Which values did you choose? Let me see your paper!

One of my favorite moments in teaching: when kids walk into class already talking about the topic before the bell has even rung. That’s when I know I’ve hit the sweet spot where purpose meets learning, and motivation and classroom management take care of themselves. That happened a lot over the last 2 weeks in 10th grade, so I want to examine what works so well with this unit which centers on A Doll’s House, a late 19th century modern prose drama by the Norwegian playwright Henrik Ibsen (full text available from Project Gutenberg). 

We know purpose is hugely motivating, so I never title my English units with genre, time period, or name of work. The unit on poetry is “Paying Attention” because we can and we must when we have so few words to work with; the unit on A Doll’s House is “Finding Myself” because that is the protagonist’s epiphany at the end, and our response is to begin the work of finding ourselves now, before we find ourselves in Nora’s dilemma. 

The essential question for the literature portion of the unit is “Why would a reasonable, rational, normal human being do that?” If you were an actor trying out for a part, even a minor one, you would have to figure out that character’s motivation and backstory just from what she says and does, and what other characters say about her—and whatever they think, you have to be able to read her lines with empathy and believability. It’s a lot like life: There is no omniscient narrator telling you why people are doing what they’re doing, or what they’re thinking while they’re doing it. No one acts “crazy”—given how they’ve experienced and perceive the world. Inference is a life skill: “Why would a reasonable, rational, normal human being do that?” Actually, I got a lot of those ideas from the excellent human resources book Crucial Confrontations, and I said to myself—hey! That’s what we have to do when we read drama! 

While pursuing this essential question, we practice reading strategies. First I read and model them. Then groups read and do them on their own. Then students can do them on their own. (See below for the reading journal that guides us through the reading looking at quotations from the text and what we infer about character and motivation from them, as well as requiring the use of several other reading strategies, paying attention to how the playwright guides our responses and to the role of minor characters.) We wrap up with a whole group discussion (see questions at the end of the reading journal) that segues into the writing/response portion of the “Finding Myself” unit.

The essential question for the writing/response portion of the unit is “Who am I?” We subdivide it into 3 parts: Who am I culturally, temperamentally, and spiritually? For nonfiction reading practice as well as for content on which to practice the skill of synthesis, we address each of those parts with content and discussion: for culture, we read “The Values Americans Live By,” mark which end of the continuum we fall on for each of the 13 cultural values, and select the 3 that are strongest for us; for temperament, we take one or more Myers-Briggs inventory and research and discuss what that meant (see Google Classroom announcement below); for spirituality, we work in groups on this Google Doc that gives students various Bible passages to research, explain, and connect, related to 2 principles about individual identity. 

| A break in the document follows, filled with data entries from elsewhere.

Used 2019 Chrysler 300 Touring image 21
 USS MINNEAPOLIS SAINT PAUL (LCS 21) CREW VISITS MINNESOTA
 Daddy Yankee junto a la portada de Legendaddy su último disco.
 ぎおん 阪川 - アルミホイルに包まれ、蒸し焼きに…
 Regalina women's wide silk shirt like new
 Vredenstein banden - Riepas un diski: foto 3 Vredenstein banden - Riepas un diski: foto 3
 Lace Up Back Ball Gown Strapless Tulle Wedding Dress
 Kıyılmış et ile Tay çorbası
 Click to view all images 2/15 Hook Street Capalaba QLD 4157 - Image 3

That’s where we are now. When we come back to class after service week, we’ll begin on the final paper pulling it all together. Students saw the basic prompt at the beginning of the unit on the unit guide, we’ve been referring to it through our research, and when we come back, they’ll get this expanded prompt, couching it as an application essay for a summer academic or work program. It will also guide them through examining a model essay and beginning to brainstorm the order of their points, the logic for that order, and the support they will use (see here).

How do you give students purpose for learning skills and content?


Life isn’t something that is waiting for our students 3 or 7 or 17 years down the road when they finish school: it’s already happening to them in our classrooms and cafeterias, on the soccer field, at their jobs, in their homes, and everywhere in between. If we aren’t preparing them for that part of life—as well as the part that will happen next year, on the SAT, and in college—then we’re missing out on an amazing opportunity to tap into all the motivational power that purpose makes accessible.